Now that I’m FINALLY back on the wagon (four days, whoop!), my third learning is recognizing how beautifully comfortable my sober space has become for me. When you’re in the throes of addiction, it’s agony. The emotional thrashing, existing in a pit of stinky, gross shame and self-loathing is such a horrid place to live. Coming out of it feels like having a hot shower, a warm cup of tea, a solid meal and relaxing on the couch in front of the fire. It’s not fireworks, it’s not legendary, but it is oh so comfortable and comforting.

So – back to protecting my baby sobriety like my life depends on it. Because, well, it does!

No pink clouds

You hear a lot of people talk about the “pink cloud” in early sobriety. Apparently it’s a feeling of euphoria, of extreme pleasure in life and where you are and everything is just wonderful.

I haven’t felt that. I’ve actually felt remarkably sorta middle of the road.

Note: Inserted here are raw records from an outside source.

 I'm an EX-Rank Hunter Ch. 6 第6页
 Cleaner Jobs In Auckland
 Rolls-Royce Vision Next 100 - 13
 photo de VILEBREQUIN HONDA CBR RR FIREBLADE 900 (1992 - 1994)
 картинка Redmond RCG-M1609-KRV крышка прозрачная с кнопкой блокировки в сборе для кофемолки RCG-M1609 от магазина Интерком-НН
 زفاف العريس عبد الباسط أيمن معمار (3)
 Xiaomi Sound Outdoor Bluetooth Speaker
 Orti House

Don’t get me wrong, it’s better than drinking. Better by a long shot! I would say it’s differently better though, like on a whole different spectrum of “better” than I could even be on when drinking. It’s like I used to be on highway 10, winding through a valley, thinking I liked the view of km 50 better than 20. Now I’m on a completely different highway that’s up on the mountains and I can see so much farther and it’s stunning! But I’m still just sitting in a car, driving through life.

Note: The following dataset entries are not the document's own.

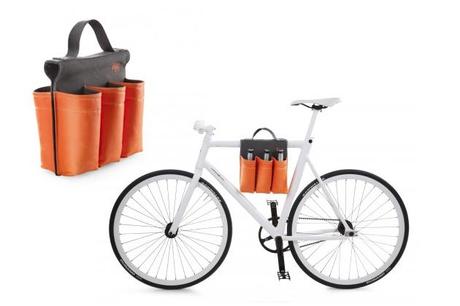 Donkey 6Pack/Bike Bag 6pack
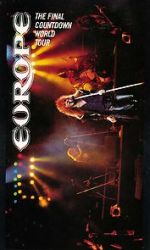 Europe - The Final Countdown World Tour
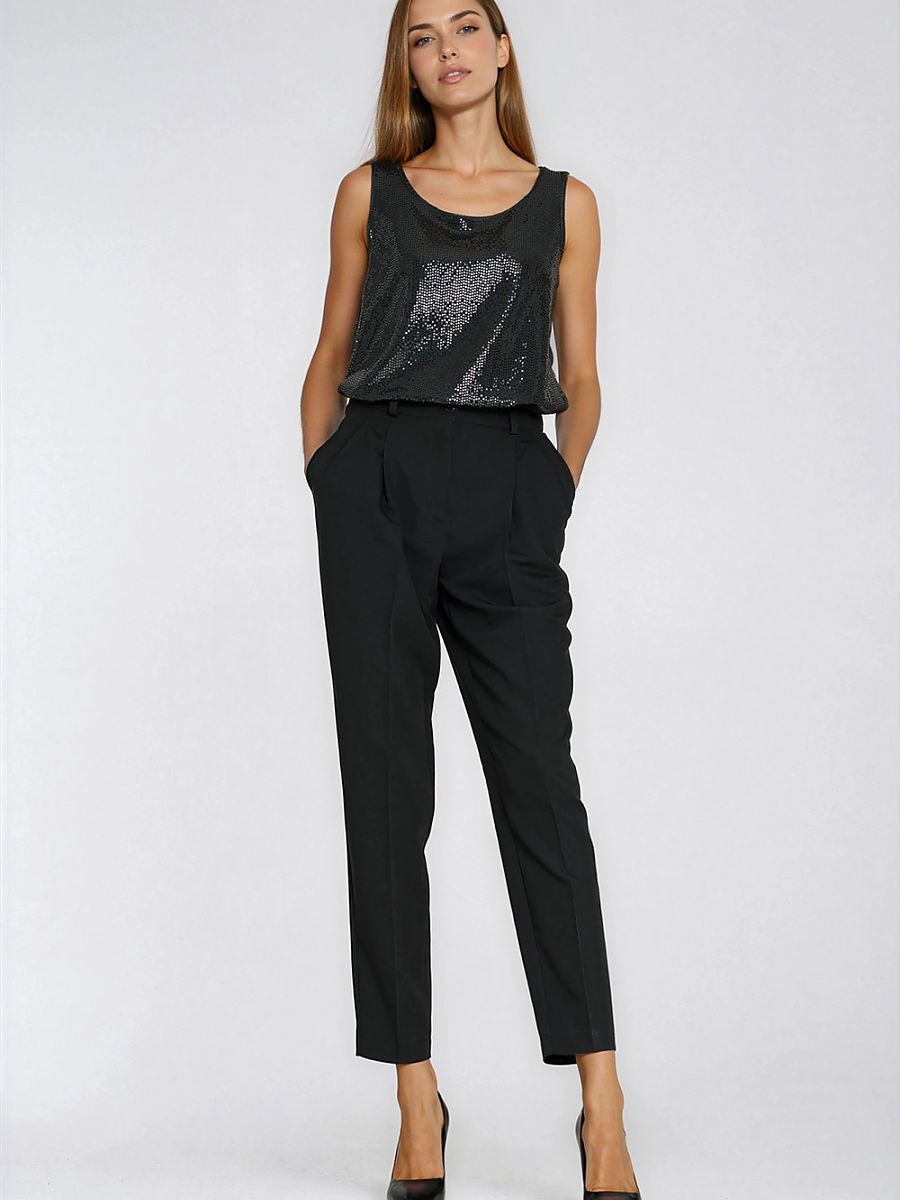  Women trousers model 223281 Nife 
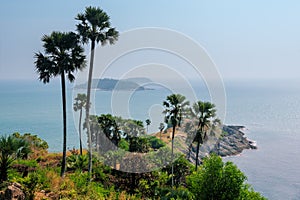 Phromthep Cape Viewpoint, Phuket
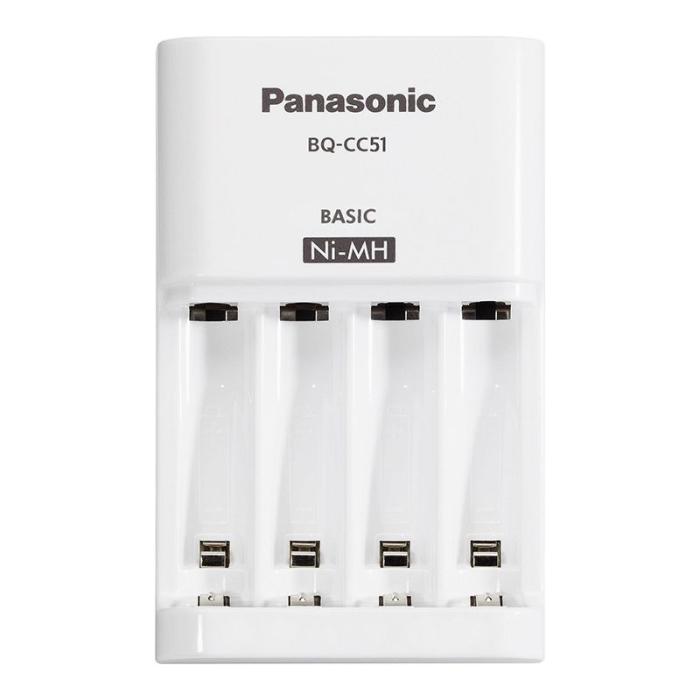 INCARCATOR PANASONIC ENELOOP [2]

I’ve honestly been okay with feeling a bit, well, “meh” because it has been SO much better than the agony of wanting to quit drinking and not being able to. And I feel so much more hopeful which, in and of itself, is an amazing thing. But I’ve wondered about that pink cloud.

Yesterday I listened to an Annie Grace podcast (This Naked Mind episode 320) talking about the pink cloud and the takeaway I got, from her breaking down the limited science on it, is that the pink cloud is not to be trusted. It’s often the people who feel it more intensely who end up relapsing. It’s like they get trapped up in the euphoria of sobriety and forget to be vigilant about watching for addiction triggers.

For me, these last 36 days, I have been vigilant. I’m feeling good but with an underlying wariness that I’m still in the danger zone. Maybe this is why I’m not in the pink cloud? I’ve decided that’s okay.

In an unrelated sober victory, my kids and I were doing our typical Saturday afternoon routine of hopping in the car, going to the river to throw rocks, then finding a playground to kill some time. Historically I’d enforce this time purely as an excuse to stop and buy wine on the way home. Friends, I went to bed yesterday and realized I hadn’t even thought about wine. I didn’t even glance off the highway at the no fewer than 5 liquor stores within easy stopping distance en route to the playground. VICTORY. Well, at least for that day.

Btw – 36 sober days under my belt. This is officially the longest I’ve been consecutively sober outside of pregnancy since I started drinking at 20!

I’d love to hear some stories of your early sober victories! They are so fun to read!